O sırada koruma istediğim siparişleri getirmişti kafamı sallayarak teşekkür ettikten sonra eşyaları tezgaha koydum.

-"Biz çıkalım o zaman."

-"Tamamdır, görüşürüz keyfinize bakın başbaşa."
Begüm utanarak mutfaktan çıkınca Burak onun arkasından çıktı. Onların gitmesi üzerine şarkımı açıp yemek yapmaya başladım. Marine edilmiş balık ve mevsim salatası yapmayı düşünüyordum yemeği yapmaya başladım...

Yaklaşık 1.5 saat sonra işim bitmişti her şey hazır olduktan sonra odama çıktım üstümdekilerden kurtulup duşa girdim hızlı bir duş alıp çıktım. Odama geri döndüğümde üstümdeki bornozdan kurtuldum iç çamaşırlarımı üzerime geçirdim onun ardından polo yaka elbisemi giydim saçlarıma elimle şekil verdim. Dudağıma bordo renklerde bir ruj sürüp, maskaramı kirpiklerime değdirdim. En son olarak saatimi taktıktan sonra aşağı indim masayı hazırlamıştım. Son olarak şarabı da masaya götürdüm ve evet her şey güzel gözüküyordu. 

Masaya göz atarken kapı çaldı öksürerek sesimi düzelttim ve kapıyı açtım. Ben sadece Hakan abi ve Tuğba ablayı beklerken arkalarında duran 5 tane 23-24 yaşındaki erkek sürüsünü elbette beklemiyordum. Aralarından sadece ikizim Çağrı'yı tanıyordum daha fazla bekletmemek amacıyla kapıyı sonuna kadar açtım. Herkes sırayla içeri girerken bende selam veriyordum.

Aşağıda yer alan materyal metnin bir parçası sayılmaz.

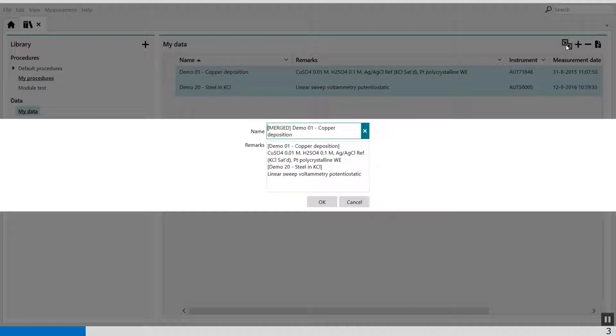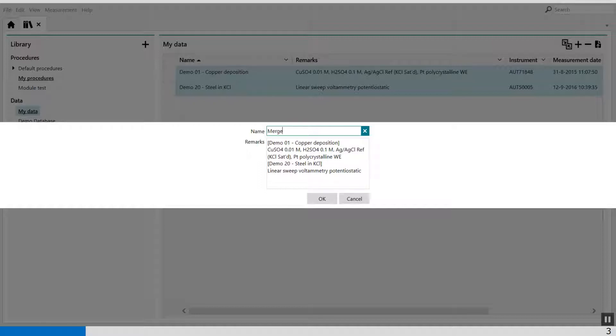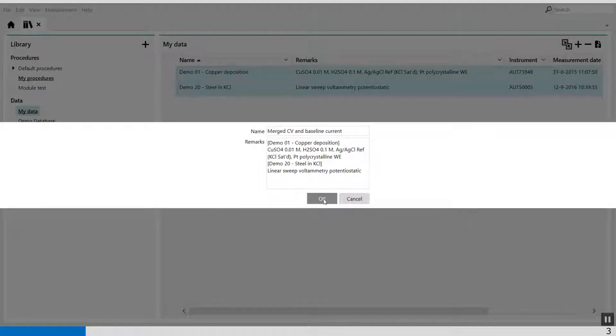When I select Merge Data, a window pops up where you can give it a name. For example, CV Merged CV and Baseline Current. Press OK.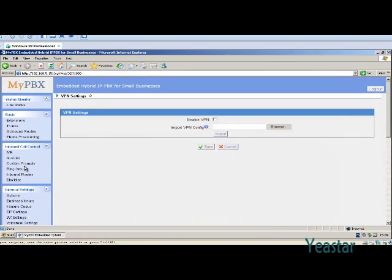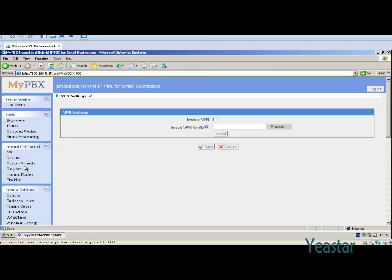MyPBX is on the client side, so get a client configuration file from your OpenVPN provider or generate a configuration file on your OpenVPN server. Consult your service provider for configuration of the server side.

En sonunda hepsi içeri girince kapıyı kapatıp arkalarından yürüdüm. Onları yemek masasına yönlendirdim. 
Onlar sandalyelere otururken, masaya beş tane daha servis açtım en sonunda balıkların servisini yapmaya başladım iyi ki fazladan yapmıştım kafamı seveyim be! Yanına herkes şarap isteyince şarapları doldurdum en sonunda bende oturduğumda yemekleri yemeye başladık ve hepsiyle teker teker tanıştık.

-"Eee kızım, şirketi nasıl yapacaksın?" dedi Tuğba abla sevecen sesiyle

-"Bugün tanıdığım bir mimarla konuştum benim için yapıyı 1 ay gibi kısa bir sürede yapacaklar." dedim

-"Ne iş yapıyorsun ki Beril?" dedi Haktan abi 2 dakika önce tanıştığımız abimiz

-"Ben 18 yaşında şirketimi kurdum ve işte 4 yıl gibi kısa bir sürede büyüyüp şirketimi geliştirdim." dedim

-"Nerede okudun peki?" dedi tekrardan Haktan abi

-"Şirketle uğraşırken Boğaziçi işletmeyi bitirdim."

-"Yani bizden önceki ailen bizim kadar varlıklıymış neden özel okulda okutmadılar ki seni?" dedi Hazan abi.


Selammm! Nasılsınız bakalım yazarınız yine kafasına göre bölüm atıyor kusura bakmayınızzz sizleri çook seviyoruum.